Personal information
- Full name: Andrew John Brown
- Born: 20 February 1936 Sydney, New South Wales, Australia
- Died: 15 April 2022 (aged 86)

Playing information
- Height: 5 ft 8 in (173 cm)
- Weight: 12 st 0 lb (76 kg; 168 lb)
- Position: Five-eighth
Club
| Years | Team | Pld | T | G | FG | P |
| 1956–64 | Newtown | 119 | 20 | 6 | 0 | 72 |
| 1967 | Penrith | 3 | 0 | 0 | 0 | 0 |
|  | Total | 122 | 20 | 6 | 0 | 72 |
Representative
| Years | Team | Pld | T | G | FG | P |
| 1958–62 | NSW City | 3 | 4 | 0 | 0 | 6 |
| 1958–62 | New South Wales | 9 | 2 | 0 | 0 | 6 |
| 1958–60 | Australia | 10 | 0 | 0 | 0 | 0 |
- Source:

= Tony Brown (rugby league) =

Australian rugby league player (1936–2022)

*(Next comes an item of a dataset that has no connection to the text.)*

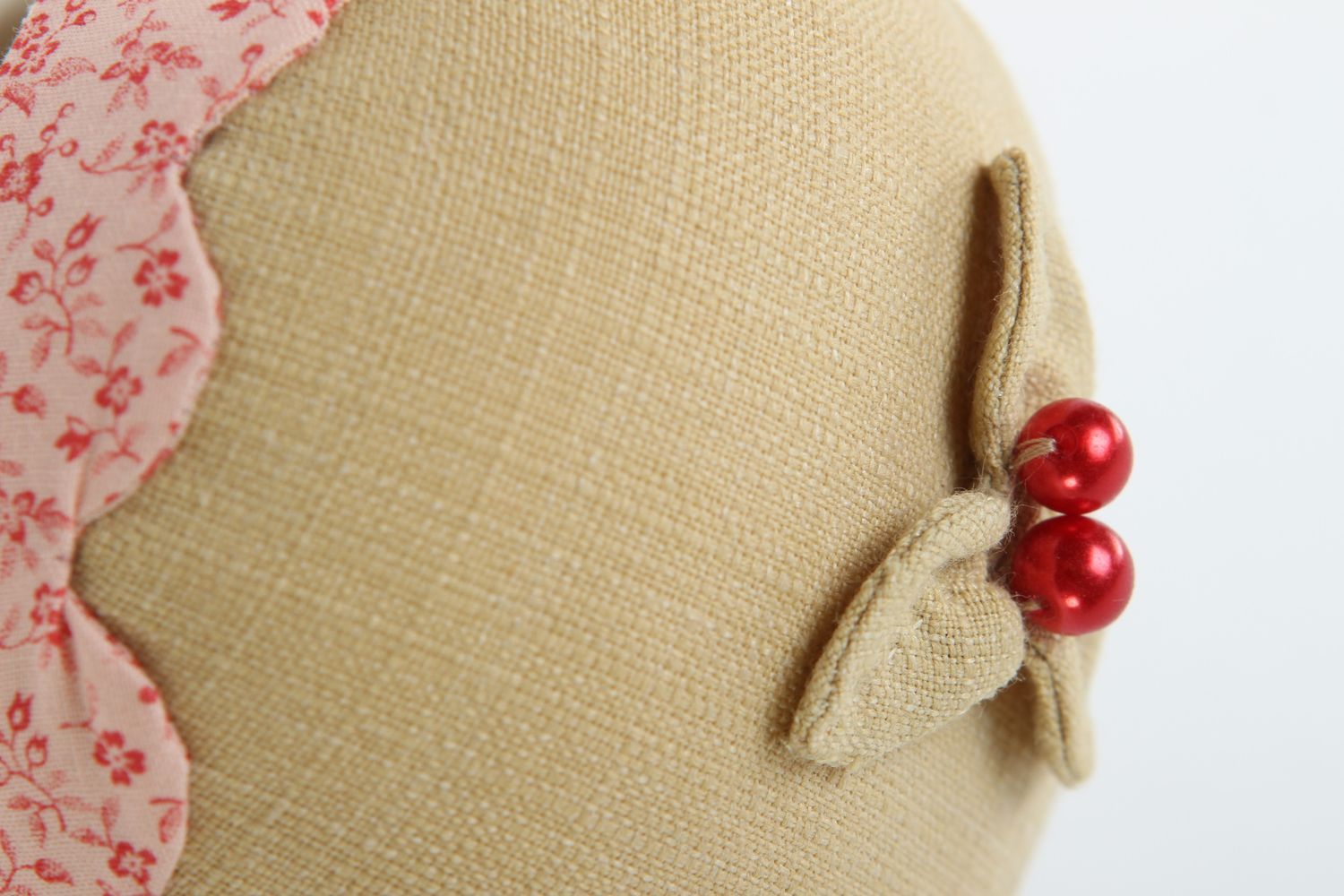 Cute handmade soft toy stuffed toy fabric toy small gifts decorative use only photo 3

Andrew John Brown (20 February 1936 – 15 April 2022) was an Australian professional rugby league footballer who played in the 1950s and 1960s. An Australian international and New South Wales interstate representative five-eighth, and later lock forward, he played club football in Sydney's NSWRFL Premiership, captaining Newtown and later Penrith in their inaugural season.

==Playing career==
While playing in Sydney's NSWRFL Premiership for the Newtown club, Brown gained representative selection in the City, New South Wales and Australian teams.

In 1958, he was selected to make his debut for the Australian national team, becoming Kangaroo No. 335.

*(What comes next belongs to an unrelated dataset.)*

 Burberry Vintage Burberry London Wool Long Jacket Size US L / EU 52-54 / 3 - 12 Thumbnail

He was selected for the first two tests against Great Britain but missed the decider due to injury. The following year he played three tests against New Zealand and was selected for the Australian national team to go on the 1959–60 Kangaroo tour, playing at in the first test against France.

Having been released by Newtown in 1964, Brown was signed by second division club Penrith, who later gained entry into the first division premiership for the 1967 NSWRFL season. He captained Penrith in the opening rounds of their inaugural season before a leg injury ended his season.

For the Newtown Jets' centenary celebrations the club named its "Team of the Century" (1908–2008) which included Brown as a five-eighth.